Exact reproduction is required for the lines below starting at the line with "Dark denim shirt" and ending at the line with "Support en bois", both included. No other lines, and no pictures.

Available records »
**********

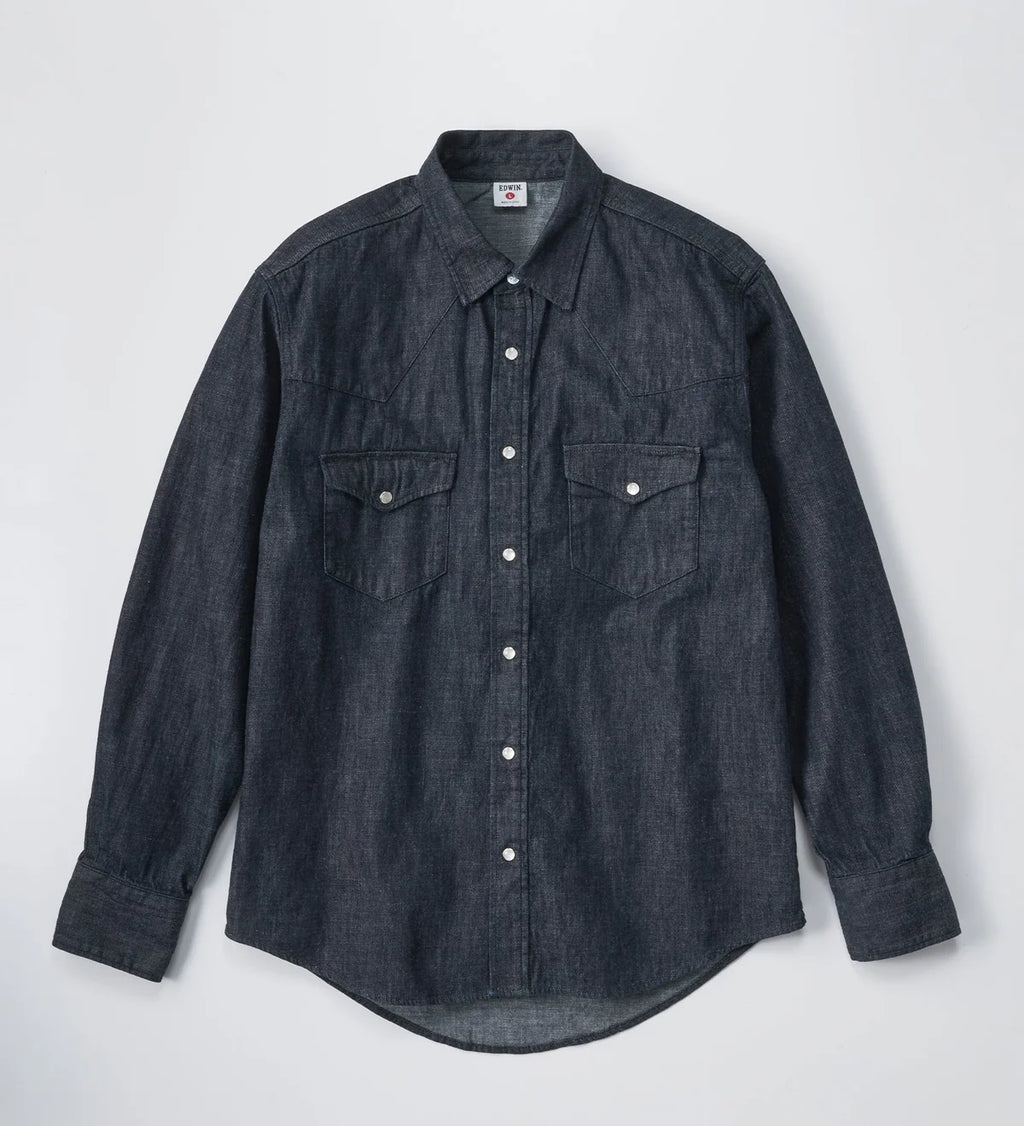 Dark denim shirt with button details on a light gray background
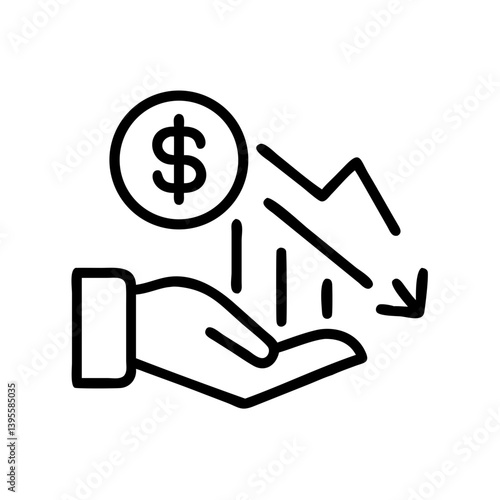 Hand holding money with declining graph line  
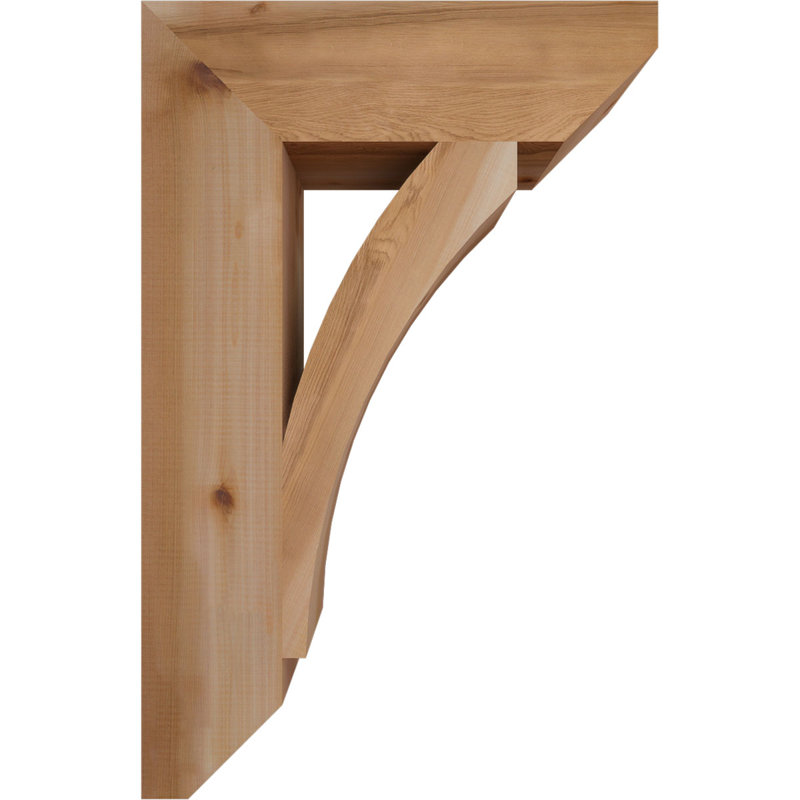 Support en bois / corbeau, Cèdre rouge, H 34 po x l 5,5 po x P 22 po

**********

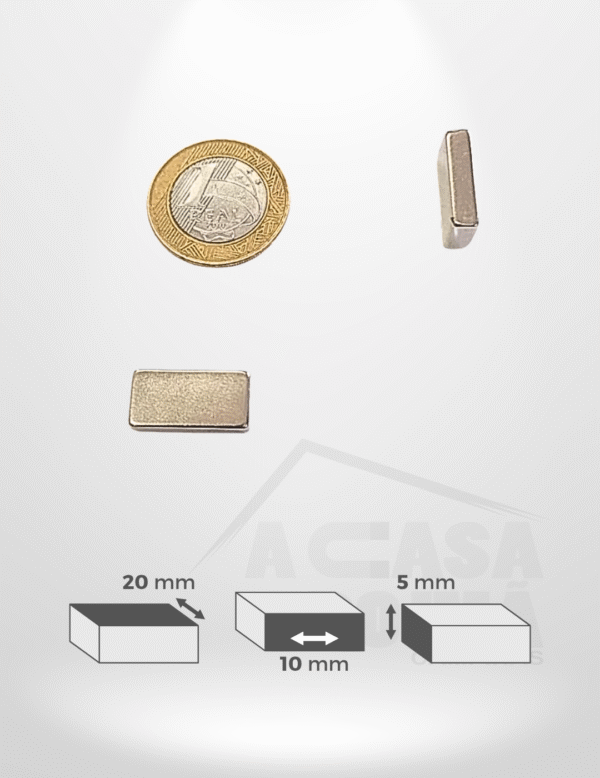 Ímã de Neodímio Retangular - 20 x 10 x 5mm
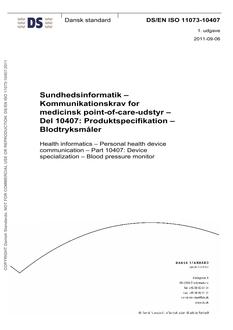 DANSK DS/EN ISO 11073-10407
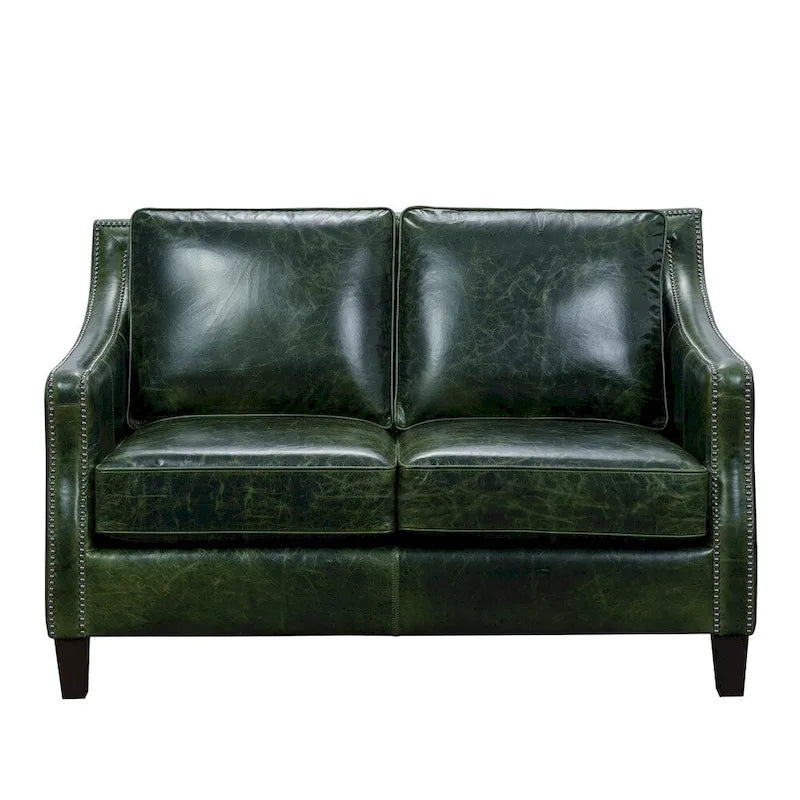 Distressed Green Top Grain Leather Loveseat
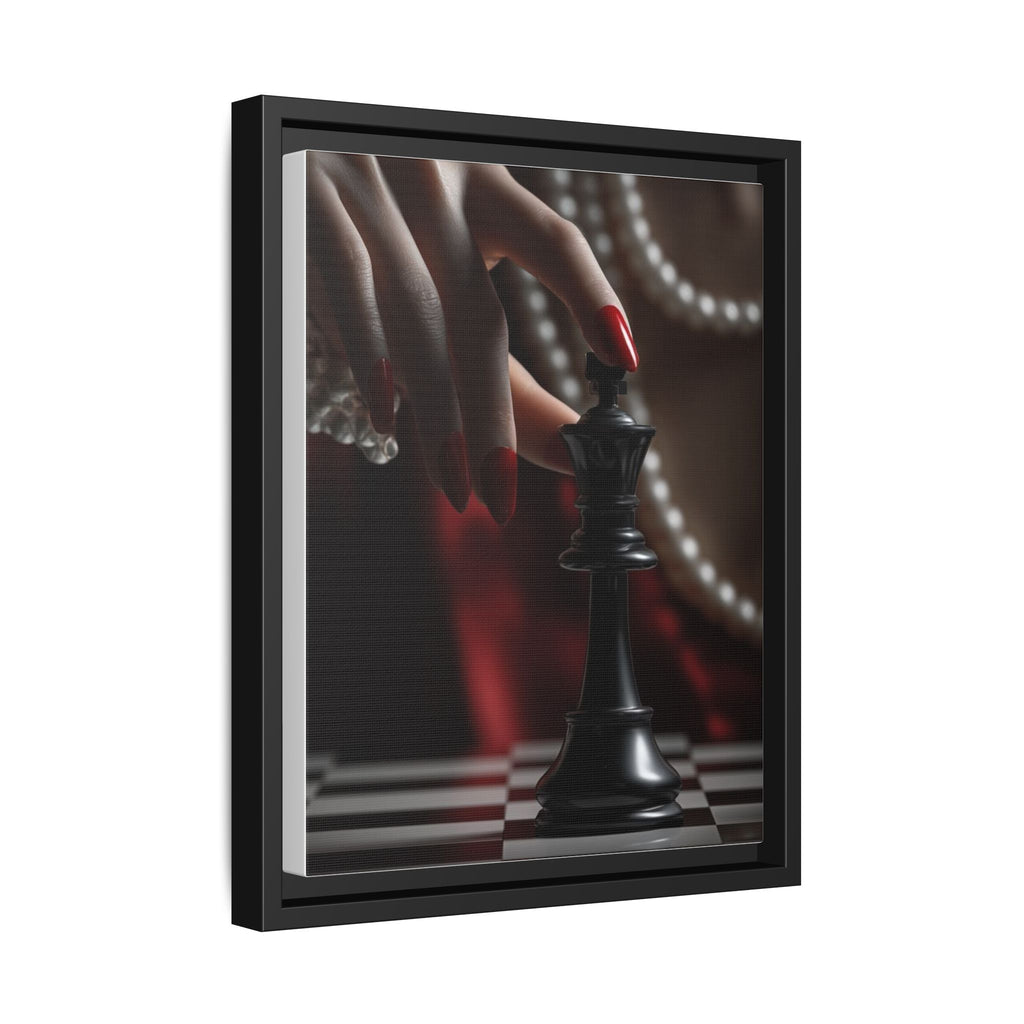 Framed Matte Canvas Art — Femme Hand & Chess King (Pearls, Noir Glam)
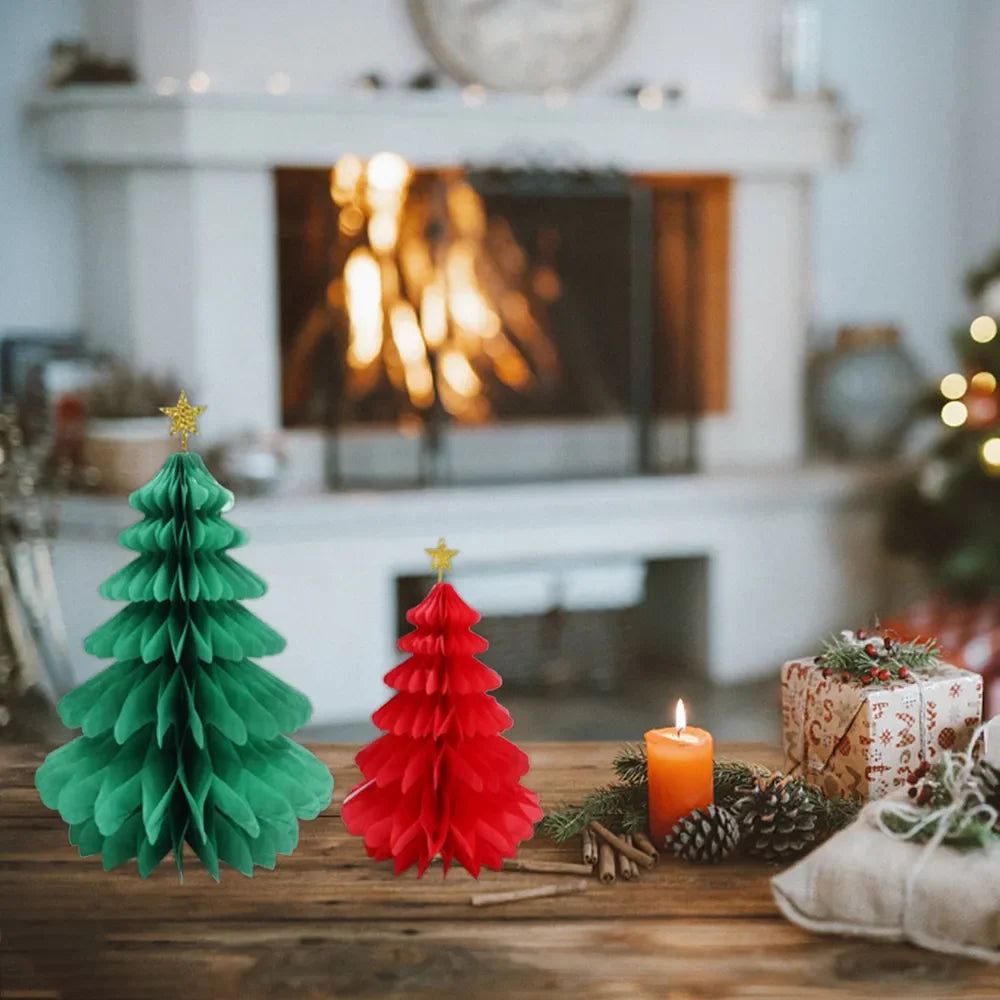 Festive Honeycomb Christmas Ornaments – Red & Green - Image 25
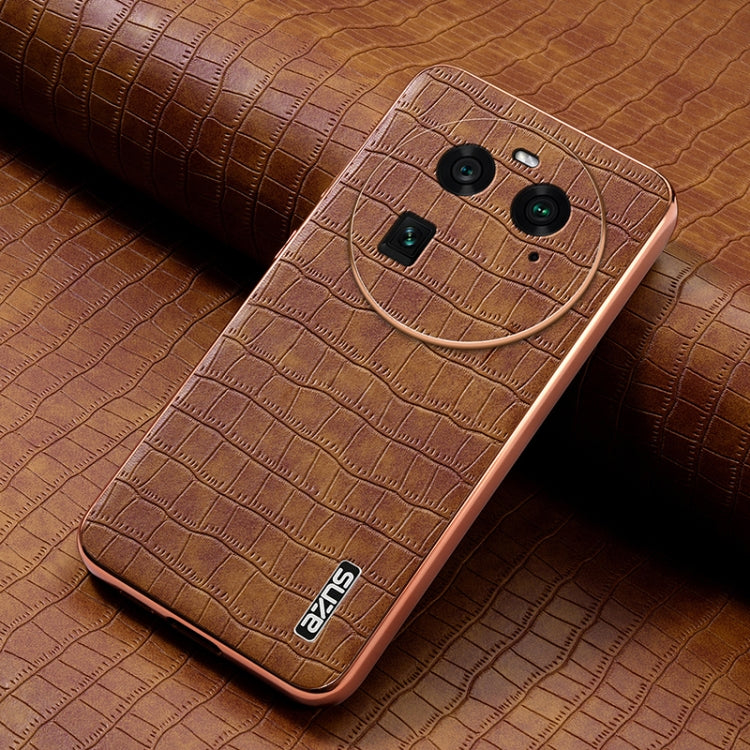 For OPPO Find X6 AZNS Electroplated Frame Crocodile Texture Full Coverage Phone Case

**********

Result for this task »
 Dark denim shirt with button details on a light gray background
 Hand holding money with declining graph line  
 Support en bois / corbeau, Cèdre rouge, H 34 po x l 5,5 po x P 22 po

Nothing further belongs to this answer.